Reiji Kurosaki is portrayed by Yuta Furukawa (古川 雄大, Furukawa Yūta) and Waku Sakaguchi (坂口 湧久, Sakaguchi Waku) as a child.

====Eve====
Eve (イブ, Ibu) is an artificial Imagin who was created by the Time Police to serve as Reiji's aide. Lacking a corporeal form, Eve resides in a Rider Pass and G Den-O's dobermann-like breastplate to supply Reiji with his abilities of time travel, near-future prediction and compensating for his blind spots in combat. When Reiji starts to show emotions, Eve hijacks the G Den-O form for his own and contemplates ruling the timeline through an army of artificial Imagin before he is defeated by Kamen Rider Diend Complete Form.

Eve is voiced by Hiroki Takahashi (高橋 広樹, Takahashi Hiroki).

===Kensuke Aoto===
Kensuke Aoto (青砥 健介, Aoto Kensuke) is a wealthy gambler who appears exclusively in the non-canonical novel Novel: Kamen Rider Den-O: The Demon Dog of Tokyo World Tower. Due to his ability to "read the future" and gambling away his wealth during a financial crisis in 2008, he becomes apathetic to everyone around him. In 2013, he attempts to demolish the Milk Dipper and the surrounding area to make way for the Tokyo World Tower skyscraper to rival the Tokyo Skytree.
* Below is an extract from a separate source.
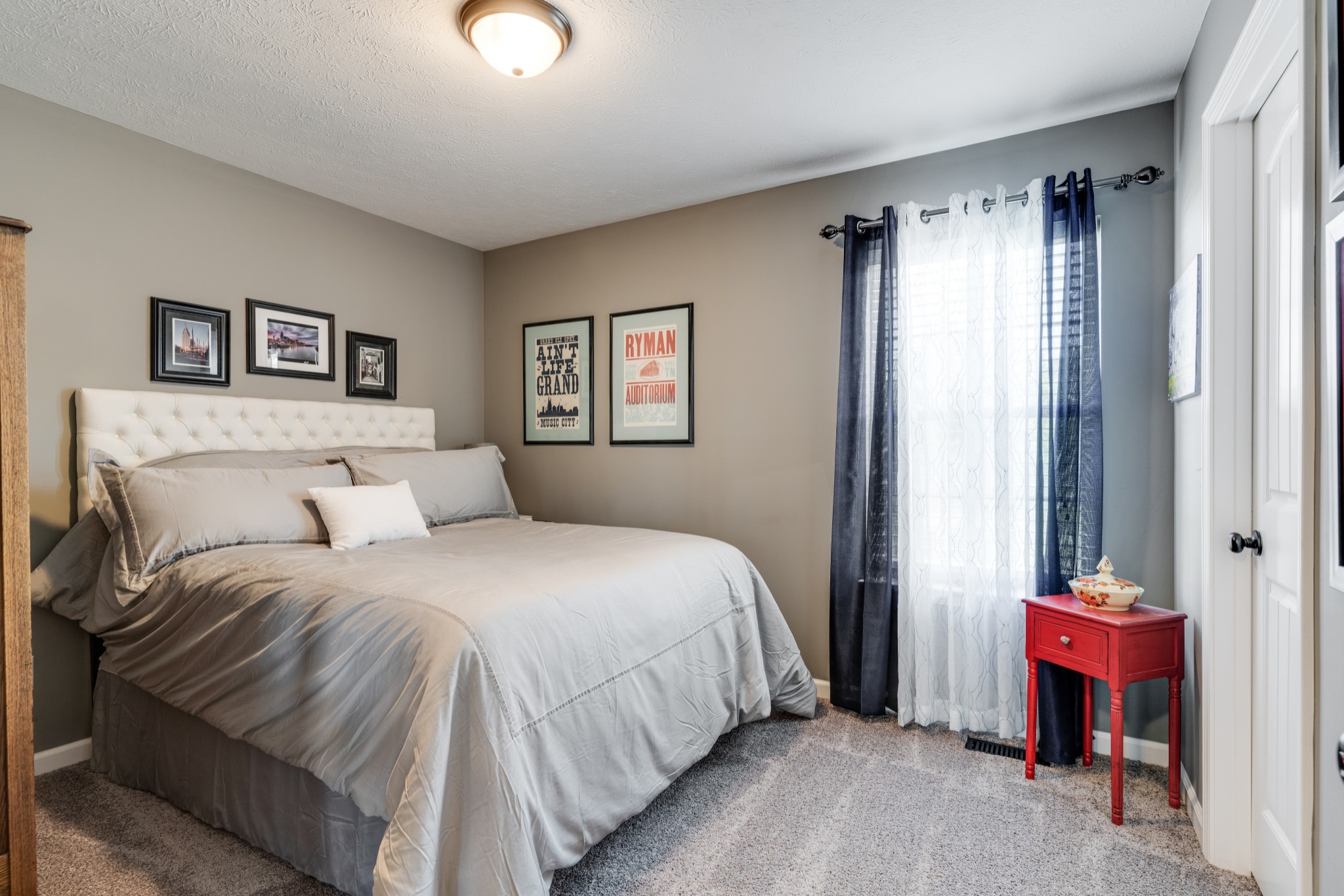 7927 Cedar Grove Road Cross Plains, TN 37049 - Photo 16 of 26 a bedroom with a bed and a window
However, the Turkey Imagin travels back in time to prevent Kensuke from losing his money.

===Kajiwara Kagetoki===
Kajiwara Kagetoki (梶原 景時) is a fictionalized version of the historical figure of the same name and a Time Jacker who appears exclusively in the novel Novel: Kamen Rider Den-O: Deneb Kanjinchō. He travels to the Heian period of Japan.